Do I have to spell it out for you? I do? Okay, I am one of the world's worst spellers. When it comes to orthography, I'm the protagonist in a famous novel by Dostoevsky. I'm The Idiot.

These are not just the self-deprecating pronouncements of an insecure writer. These are more or less facts. At least, that's what one of my early editors told me (or, rather, screamed at me) when I wrote a column in which I witlessly called the perennially boring Super Bowl, the Super Boar (instead of the Super Bore). Ah, a spelling mistake that transformed the Super Bowl into, well, the Super Pig. Mind you, my editor was livid mostly because he'd (moronically) missed the egregious error: Super Boar made it into print, and he was duly chewed out by his boss.

I contend I was a poor speller at birth, and I only got worse with age. At first this worried me because I knew early on that I wanted to be a writer (if the whole 'rock star who couldn't play an instrument thing' didn't pan out), and yet I was dreadfully deficient in a basic skill I thought all writers needed to possess for success. Then I discovered that many famous writers, including literary lion F. Scott Fitzgerald, could not spell "boo" if their reputations and royalties depended on it, even if you spotted them two letters; in personal missives, Fitzgerald often misspelled the name of his good friend and great rival, Ernest Hemingway, giving Papa's last name an extra 'm'.

You have no idea how impressed (and how jealous) I was when I recently stumbled upon the Canwest Canspell National Spelling Bee on television and found grade-eight spelling whizzes rhyming off words like bibelot (huh?) and desquamate (huh?). You have no idea how blown away I was when Emma Brownlie of Ottawa coolly spelled hamadryad (a dry ham sandwich that would benefit from the addition of mustard?) to win the competition and pocket a $15,000 RESP.

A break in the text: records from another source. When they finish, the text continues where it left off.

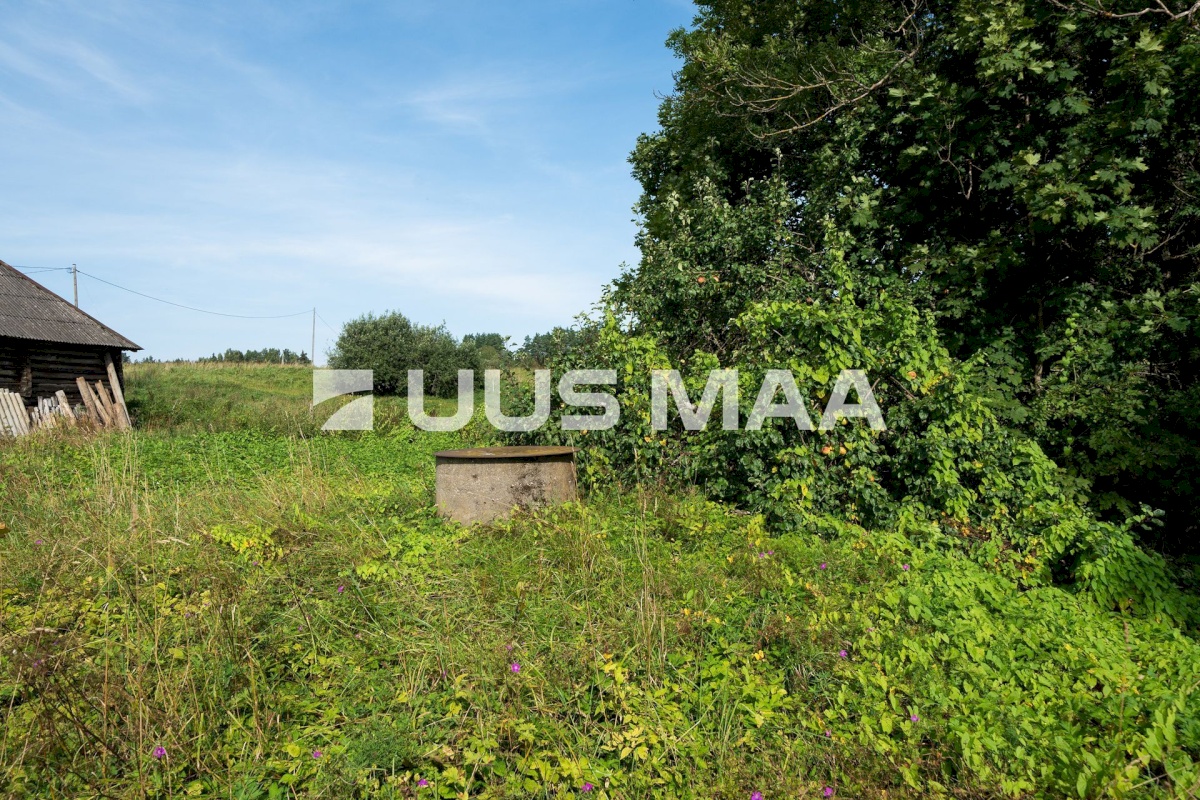 Otepää vald, Nüpli küla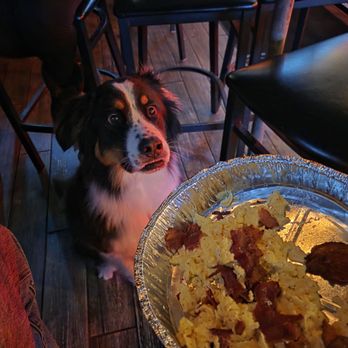 The Shelter Kitchen + Bar - Dog menu (had to ask), happy customer picture! - American Near Me - Mount Pleasant, South Carolina The Shelter Kitchen + Bar - Dog menu (had to ask), happy customer picture! - American Near Me - Mount Pleasant, South Carolina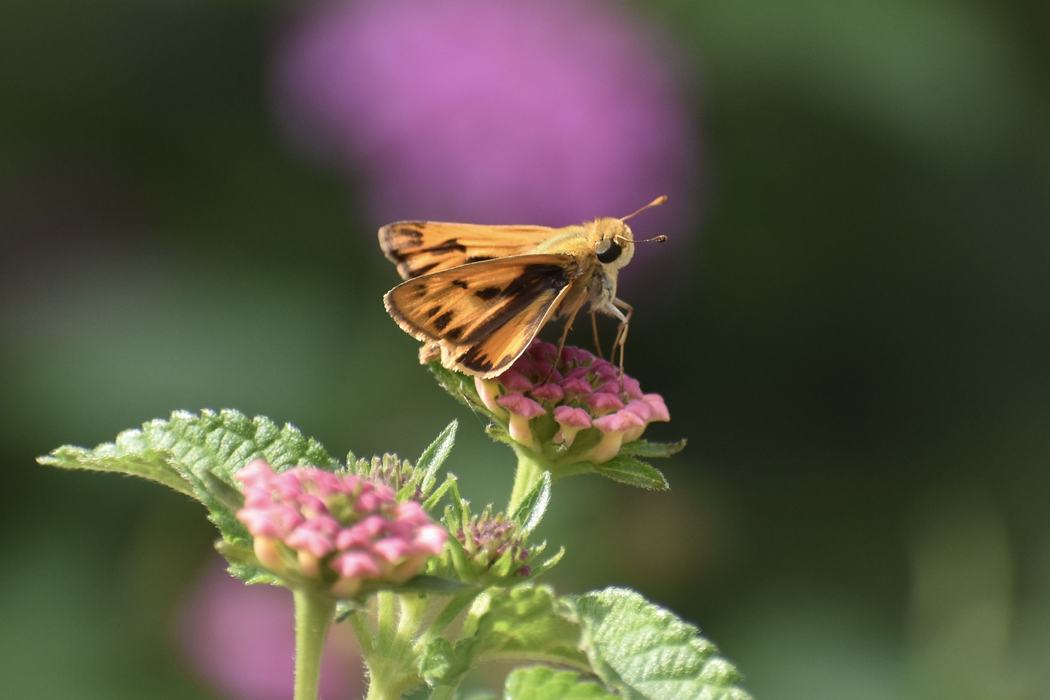 Skipper on Lantana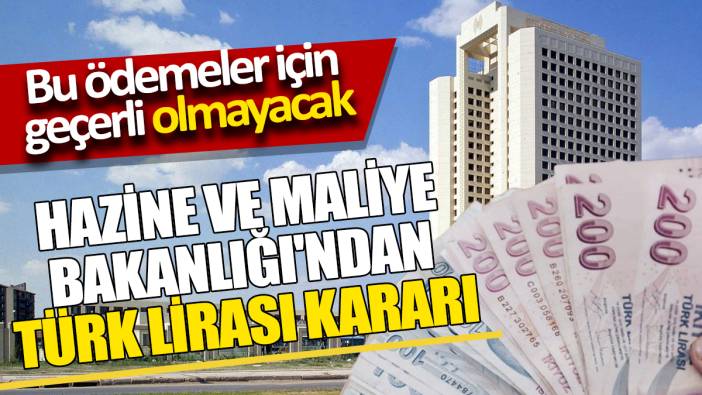 Hazine ve Maliye Bakanlığı'ndan Türk Lirası kararı Bu ödemeler için geçerli olmayacak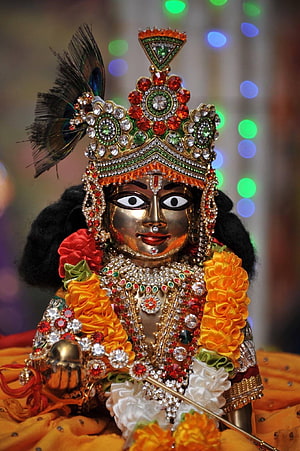 Laddu Gopal ornate golden idol with jeweled crown, peacock feather, and marigold garlands HD phone wallpaper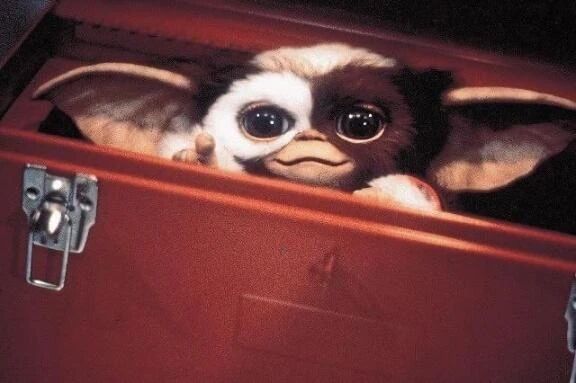 しゅっき〜ん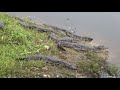 PANTANAL SUL-MATO-GROSSENSE (ESTRADA-PARQUE)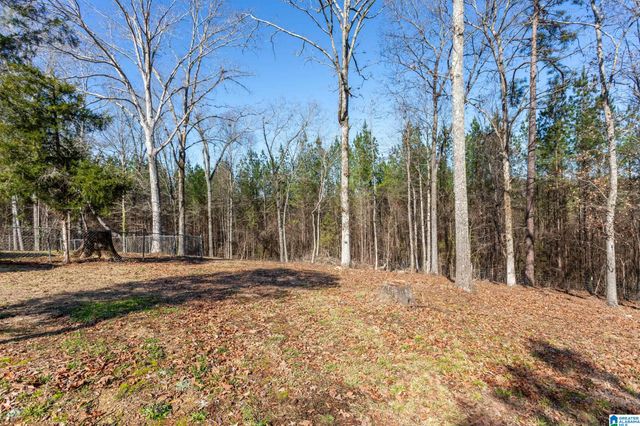 99 CEDAR HEIGHTS LANE, Talladega, AL 35160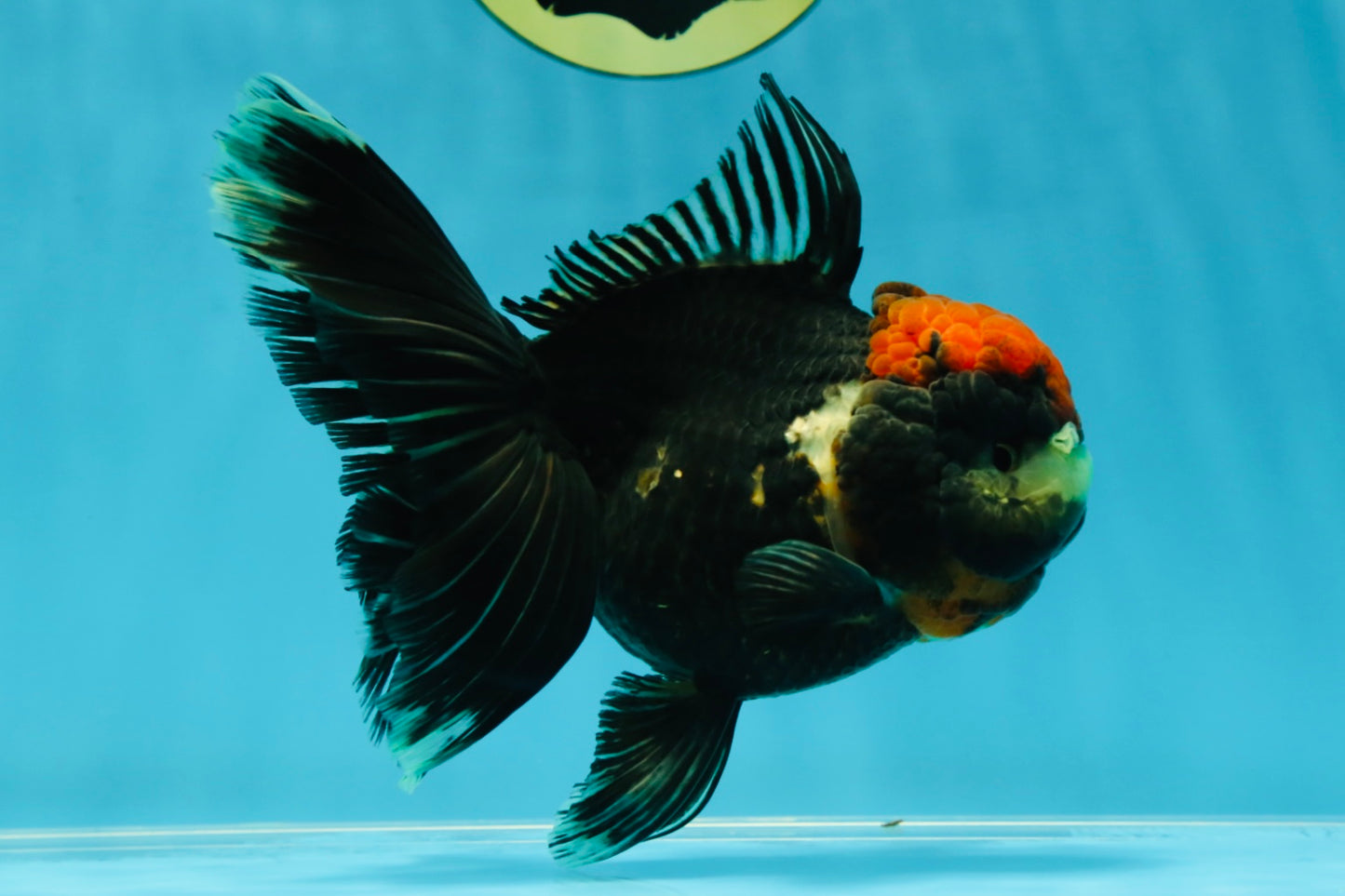 UNIQUE A Grade Tricolor Oranda Female 5 inches #041125OR_08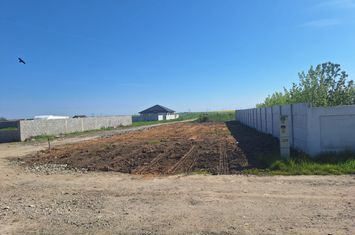 Teren de vanzare AEROPORT - Dolj anunturi imobiliare Dolj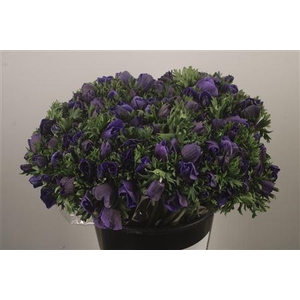 Anemone Fr. Blue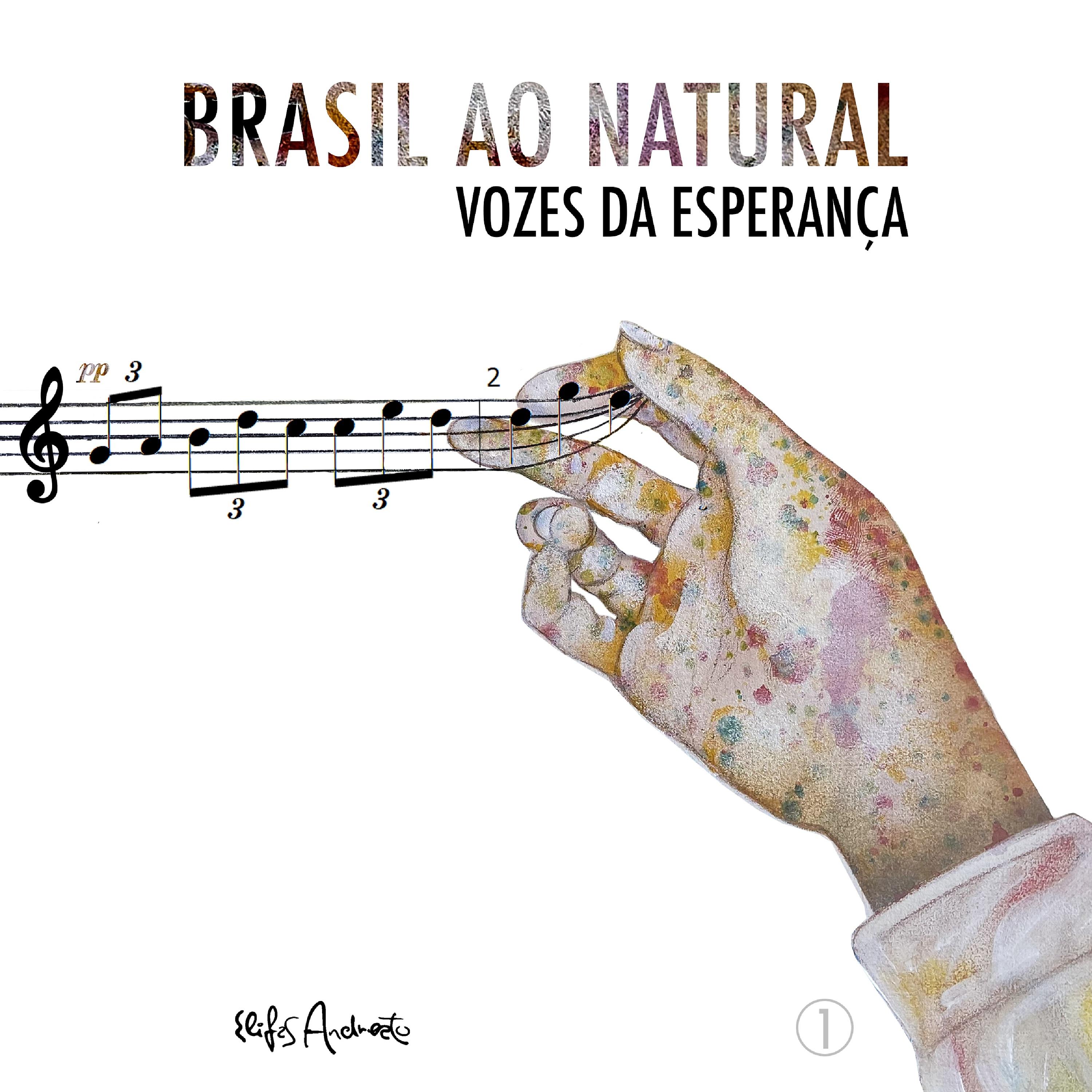 Постер альбома Brasil Ao Natural - Vozes da Esperança 1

I mean, this is the generation for whom spelling is supposedly a lost art. This is the generation we hear (and fear) is being done in by the invention of the spell check and by the proliferation of text messaging -- it's estimated that some five-billions text messages are sent around the world each day -- wherein kids Emma's age ignore conventional spelling in favor of creative spelling, odd abbreviations and their own personal shorthand.

OMG. ROFLMAO.

Yet, according to Eric Paulson, associate professor of literary education at the University of Cincinnati: "We often don't give kids enough credit with their control over language." He says kids are often (and easily) able to shift from short-formed texting to writing well thought-out essays "without getting discombobulated." Now, I have no idea what this means, and I certainly don't know how to spell that big word, but as you can imagine, I've always wanted to use 'discombobulated' in a column.

By writing every day for the past 100 years (or so it sometimes seems), I've been able to upgrade my spelling skills (although, admittedly, not to young Emma's level). Still, when my kids come to me with spelling questions, I feel the rising angst of ortographobia (fear of making spelling mistakes).

"Dad, how do you spell segue?"

"Well, hon, I spell it s-a-g-w-a-y, which is why it might be wise if we just looked it up in the dictionary to see the correct spelling."